I think both camps can be made reasonably happy fairly easily.
While I love good, old-fashioned D&D traditions, I come down ever-so-slightly on the side of preferring historical armors.
I propose the following changes to the fluff of the present armor table:
Armor: Price: AC:
Boiled/Studded Leather 10sp 11+Dex
Brigandine 500sp 12+Dex
Mithril Mailshirt 5,000sp 13+Dex
Mailshirt 25sp 13+Dex(max 2)
Breastplate 500sp 14+Dex(max 2)
Dragonscale 5,000sp 15+Dex(max 2)
Ringmail 30sp 14
(chain)Mail 75sp 16
Splint/Banded/Scale 500sp 17
Plate 5,000sp 18
None of the mechanics are changed. However, I got rid of that displacer beast hide silliness, and brought back a couple of armor types that are both historical and have a history with older editions of the game: the brigandine, (non-mithril) mailshirt, and the breastplate.
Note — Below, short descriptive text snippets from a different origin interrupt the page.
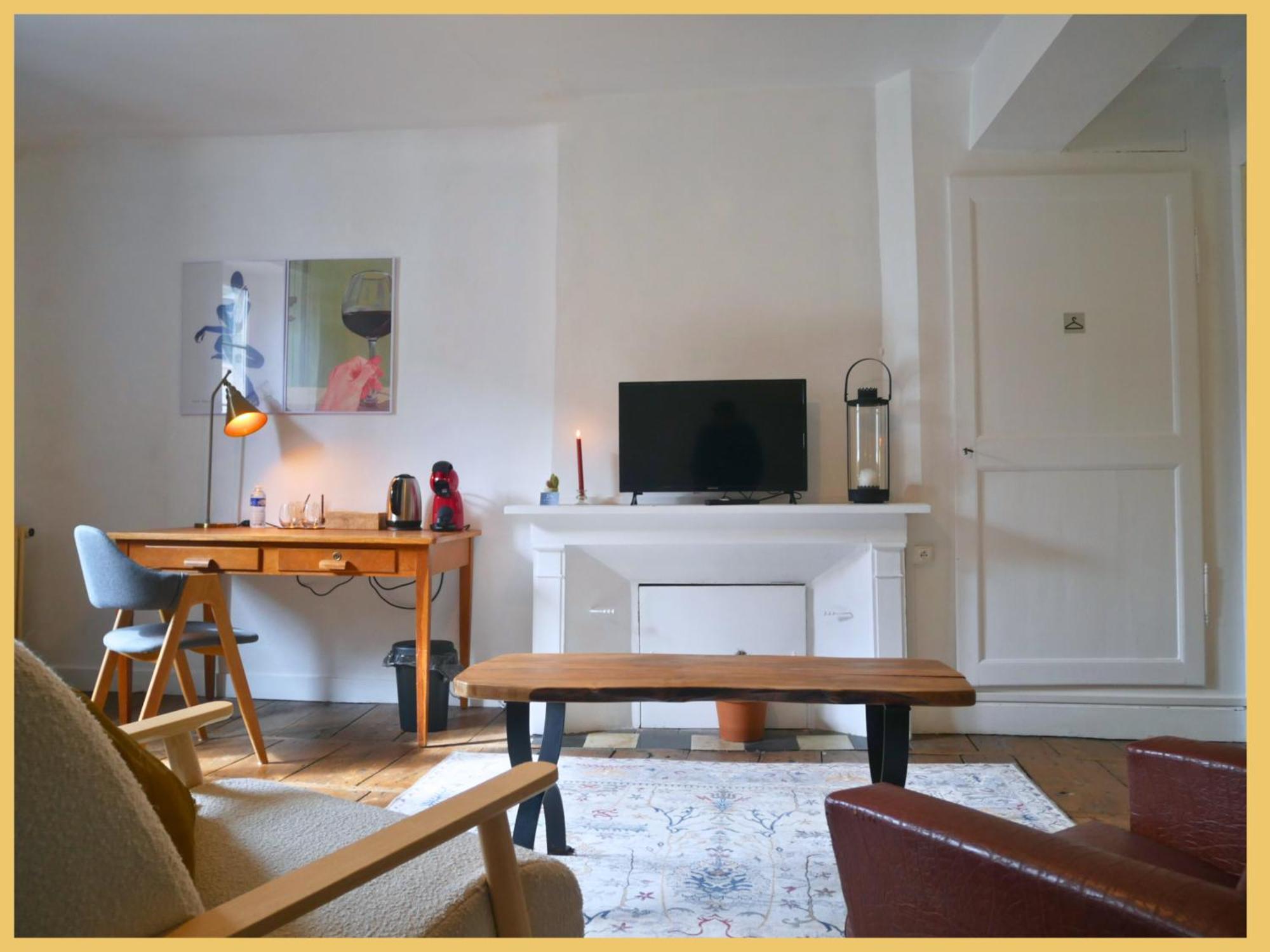 Les Suites De Bellac Esterno foto
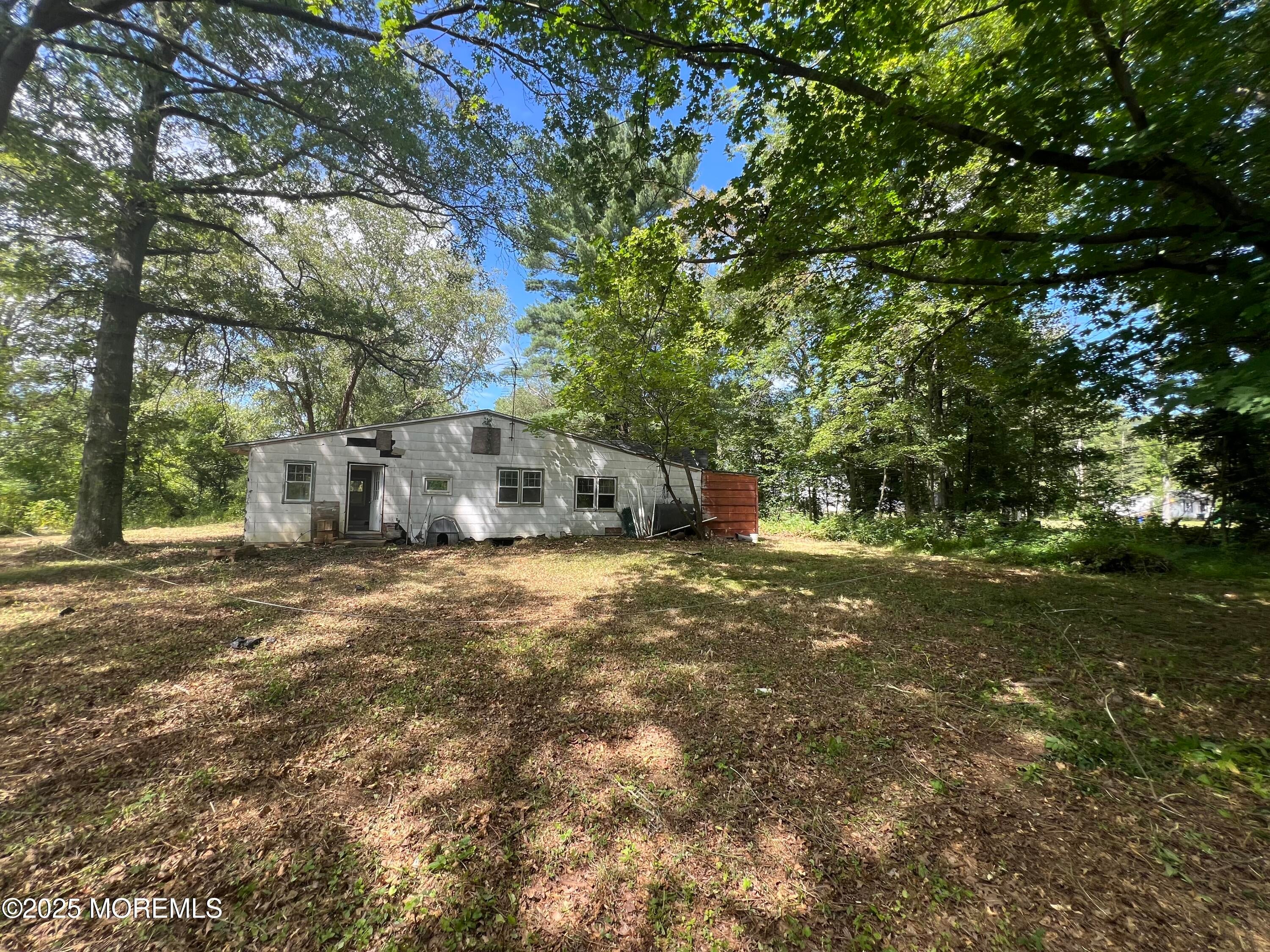 138 Disbrow Hill Rd, Millstone, NJ 08535 photo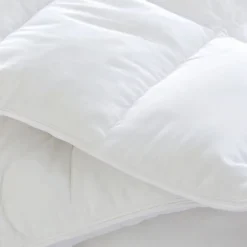 Couette naturelle - Chaude - 70% duvet anti-acarienne 260x240 cm APPALACHES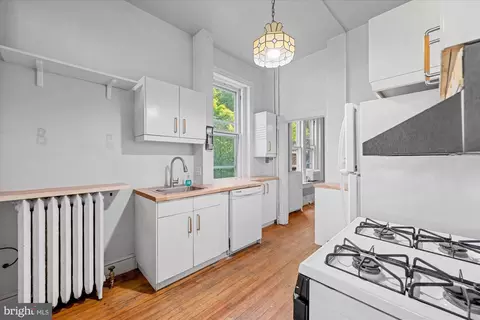 14 10th St NE, Washington, DC 20002 photo 32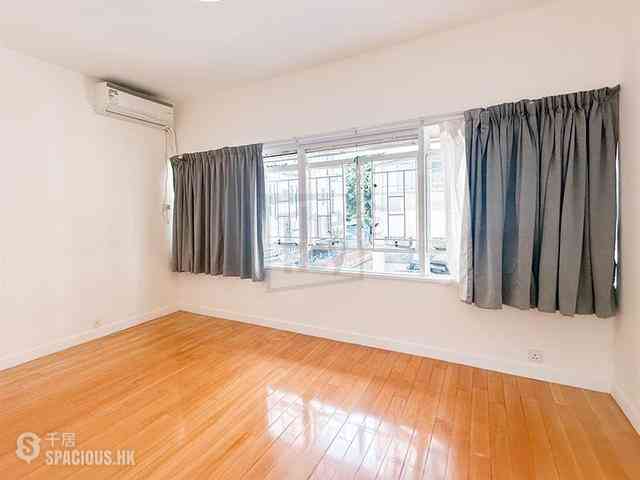 Pok Fu Lam - Bisney Villas 08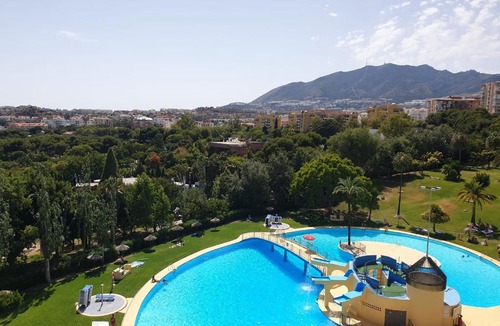 Benalmadena Costa Apartment | VIVE BENALMÁDENA Estudio JÚPITER 237, Grandes Piscinas a 600m de la PLAYA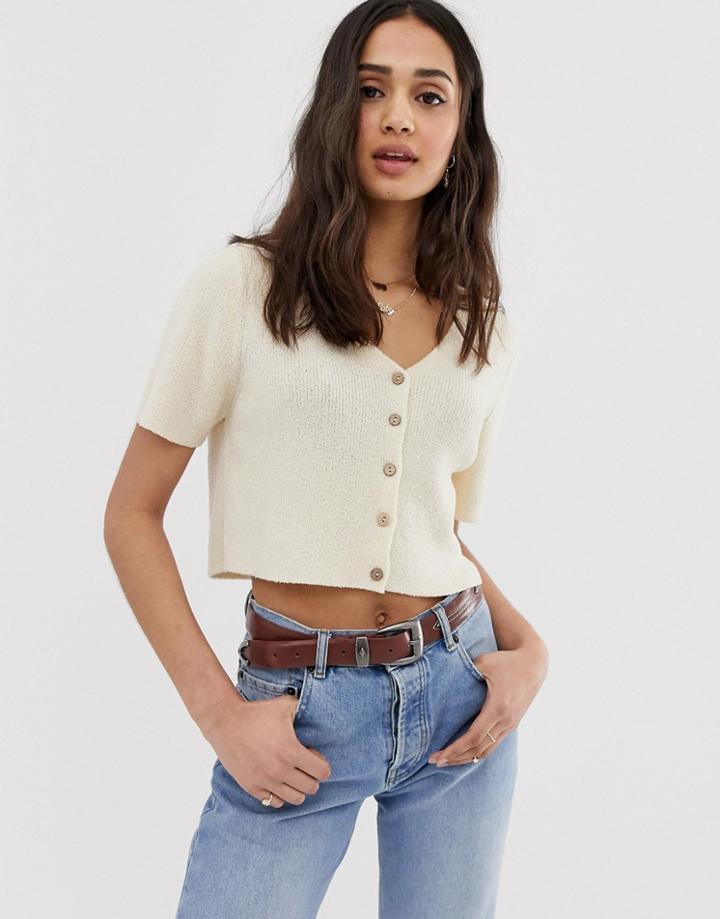 Asos Design Crop Cardi In Natural Yarn With Button Details - Cream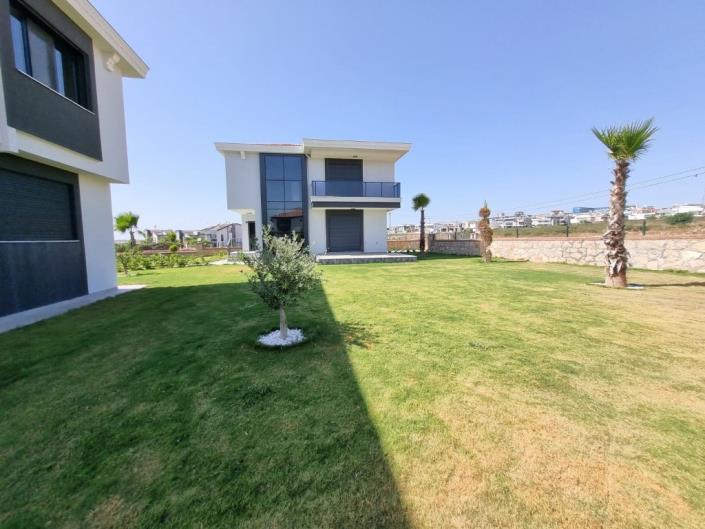 Image No.6-3 Bed Villa / Detached for sale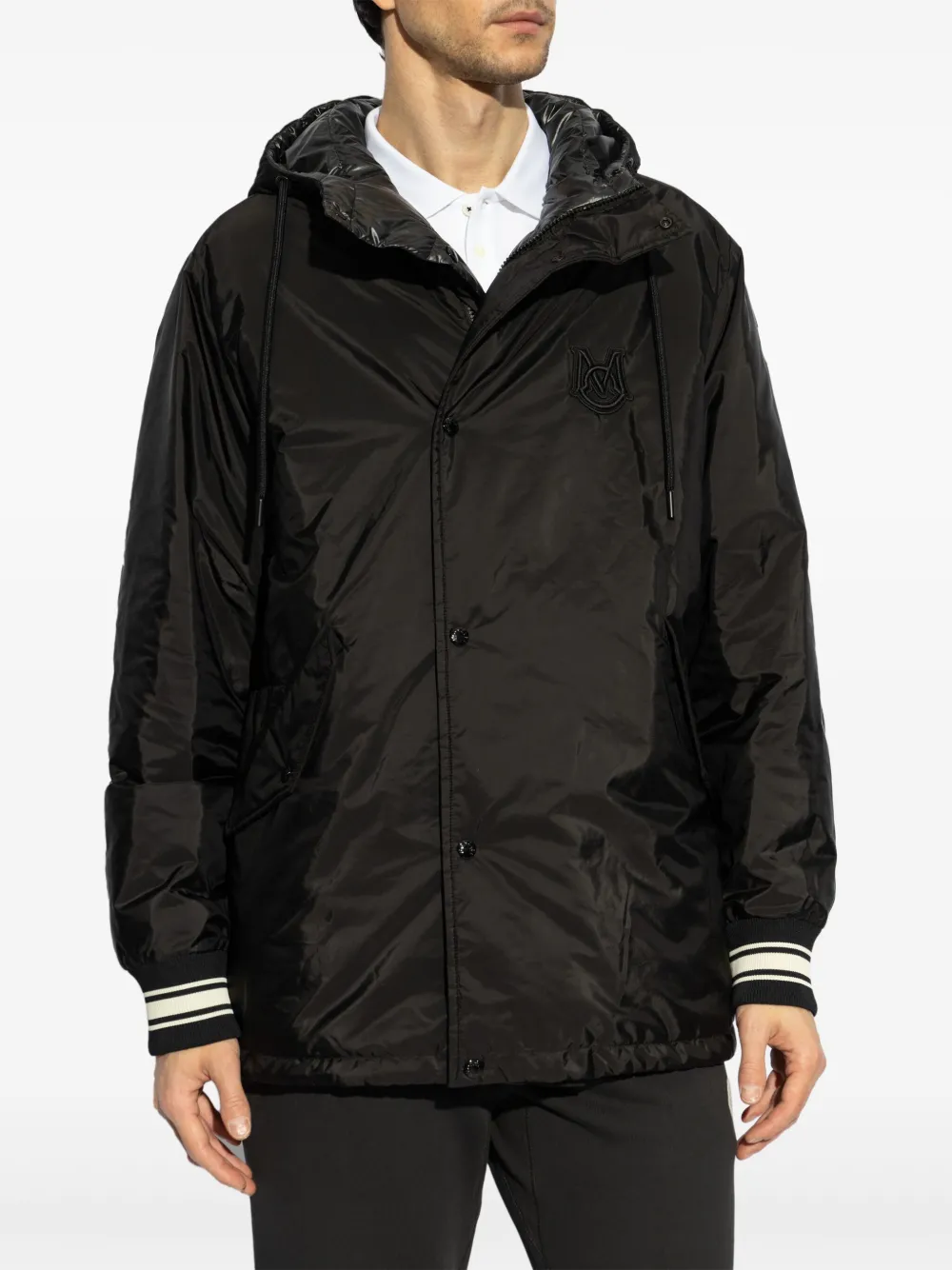 1C00004539ZD VERNANT PARKA CORTA LIGERA MONCLER S8M NEGRO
Roll studded leather into "regular" (boiled) leather armour (hey, they're both techniques that supposedly augment the protective qualities of leather, right?), and--in a nod to 4th edition--combine scale with splint/banded (both of which I interpret as referring to different types of 14th century-style Wisby coats of plates).
As for the pricing, I can accept that the construction of a brigandine is a sufficiently intricate operation to warrant a pricetag in line with some heavy armor types without resorting to explaining the high price with magic or rarity, as was the case with displacer beast hide.
The heavy scale armor, I imagine as a long coat of fairly large scales worn with a helmet. The brigandine I envision as one of those later 16th century styles, with hundreds of tiny plates and rivets, perhaps with a fancy velvet cover and gilt rivet-heads to help justify that price. The mailshirt needs no explanation, but I think it can be safely included in medium armor while its rich mithril cousin can be counted as light. The breastplate can be pictured either as classical "spartan" hoplite armour or as pop-culture "conquistador" style armor; in either case, it's a cuirass (and maybe a skirt), a helmet, and greaves, which image is a staple of fantasy fiction.
I confess that I have no explanation for why (chain)mail, whose construction is also fairly intricate, should be so cheap in this iteration of the D&D universe--maybe wire-drawing technology somehow evolved in advance of sheet-metal manufacturing techniques.
Anyway, I'd rather see an armor selection like the above instead of what was released. Yeah, I know that renaming items just amounts to a flavor change, but it would be nice to see an official sanction of this.